Plagiarism in action: An actual case This first passage comes from the introduction to Mark Raeff, The Decembrists, published in 1966:
December 14, 1825, was the day set for taking the oath of allegiance to the new Emperor, Nicholas I. Only a few days earlier, on November 27, when news of the death of Alexander I had reached the capital, an oath of allegiance had been taken to Nicholas’s older brother, Grand Duke Constantine, Viceroy of Poland. But in accordance with the act of renunciation he had made in 1819, Constantine had refused the crown. The virtual interregnum stirred society and produced uneasiness among the troops, and the government was apprehensive of disorders and disturbances. Police agents reported the existence of secret societies and rumours of a coup to be staged by regiments of the Guards. The new Emperor was anxious to have the oath taken as quickly and quietly as possible. The members of the central government institutions—Council of State, Senate, Ministries—took the oath without incident, early in the morning. In most regiments of the garrison the oath was also taken peaceably.
This second passage comes from the introduction to G.R.V. Barratt, The Decembrist Memoirs, published in 1974.
December 14, 1825, was the day on which the Guards’ regiments in Petersburg were to swear solemn allegiance to Nicholas I, the new Emperor. Less than three weeks before, when news of the death of Alexander I had reached the capital from Taganrog on the sea of Azov, an oath, no less solemn and binding, had been taken to Nicholas’s elder brother, the Grand Duke Constantine, Viceroy of Poland. Constantine, however, had declined to be emperor, in accordance with two separate acts of renunciation made in 1819 and, secretly, in 1822. The effective interregnum caused uneasiness both in society and in the army. The government feared undefined disorders—with some reason, since police agents reported the existence of various clandestine groups and rumours of a coup to be effected by guardsmen. Nicholas was anxious that the oath be sworn to him promptly and quietly. At first it would seem that he would have his way; senators, ministers, and members of the Council of State took the oath by 9 am. In most regiments of the garrison the oath was also taken peaceably.
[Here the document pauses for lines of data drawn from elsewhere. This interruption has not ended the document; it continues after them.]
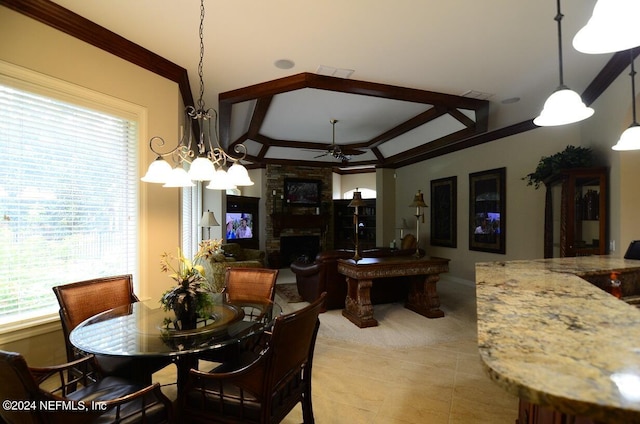 tiled dining room with a fireplace, ceiling fan with notable chandelier, and ornamental molding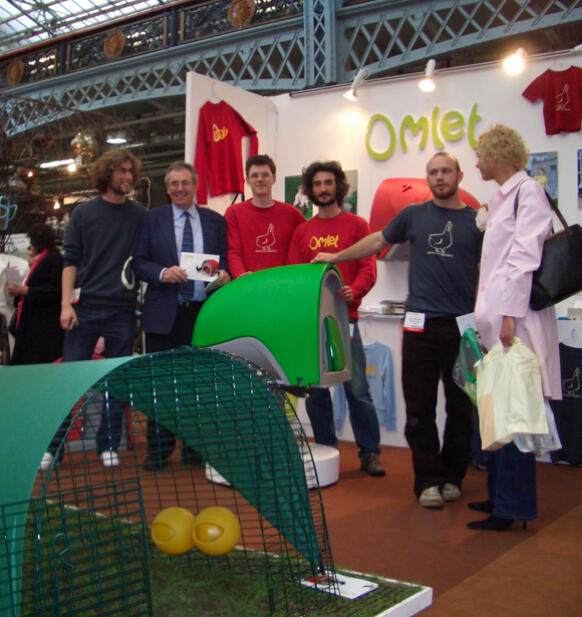 Un groupe de personnes posant sur un stand avec le poulailler Eglu Cube 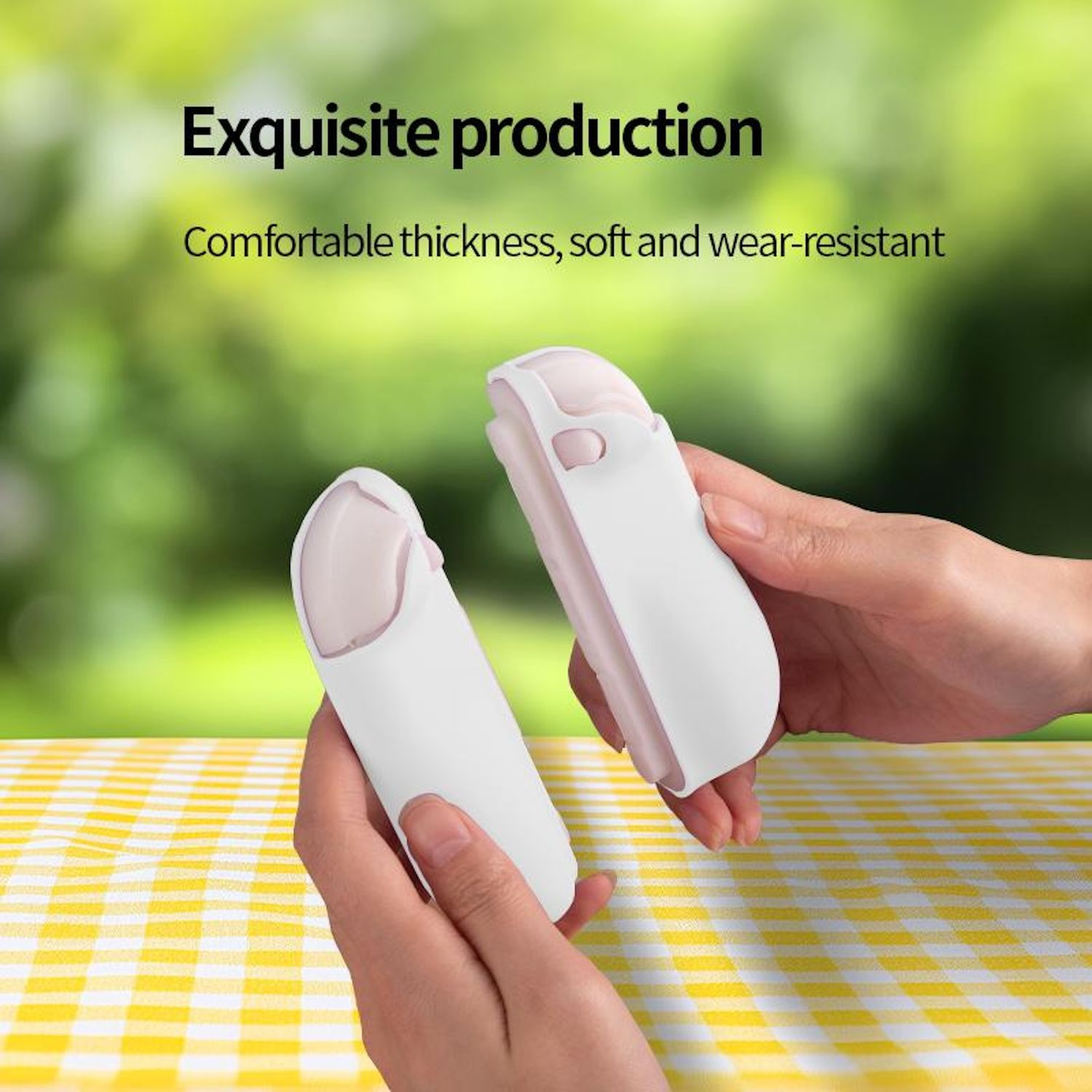 Zwei getrennte weiße und rosa Gamecontroller in zwei Händen gehalten. Der Hintergrund ist eine verschwommene Außenszene.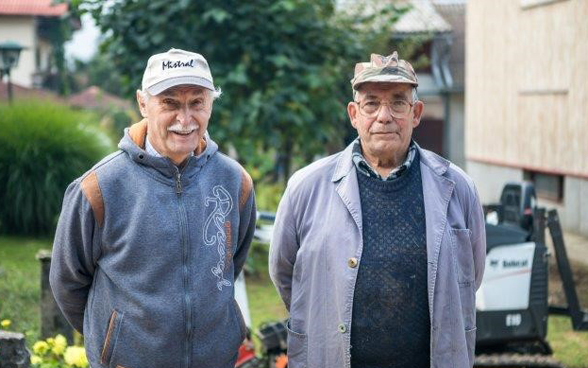 Two elderly men on a building site.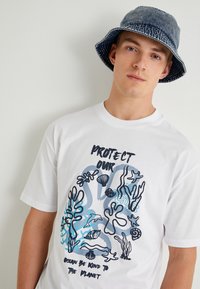 Camiseta blanca de algodón con un diseño gráfico audaz que presenta ilustraciones de vida marina en tonos de azul y negro. El texto dice: "Protege nuestro océano, sé amable con el planeta."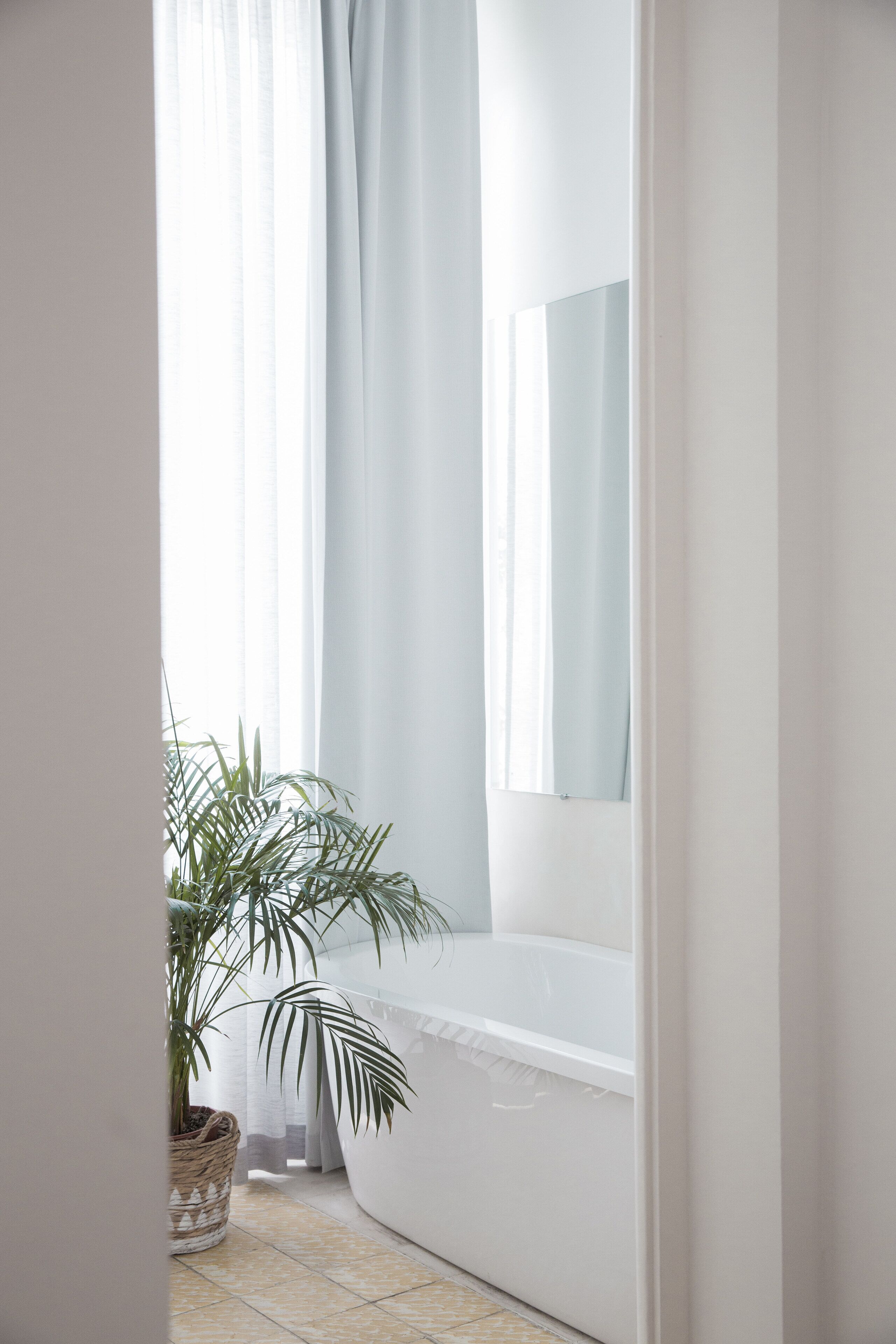 Ein Badezimmer mit Badewanne, einer Topfpflanze und einem Fenster mit Vorhängen.
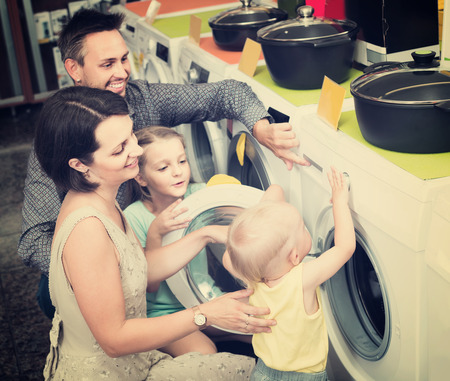 russian parents with two kids choosing washing machine in home appliance storeの写真素材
It was not long before reviewers spotted the similarities! This is a classic case of paraphrasing as plagiarism: while Barratt changed, added and rearranged words, nevertheless he still drew directly from Raeff’s work throughout. Remember that it is not enough merely to change the order of a few words or sentences, or to add a few phrases or sentences of your own—such close borrowing is still plagiarism.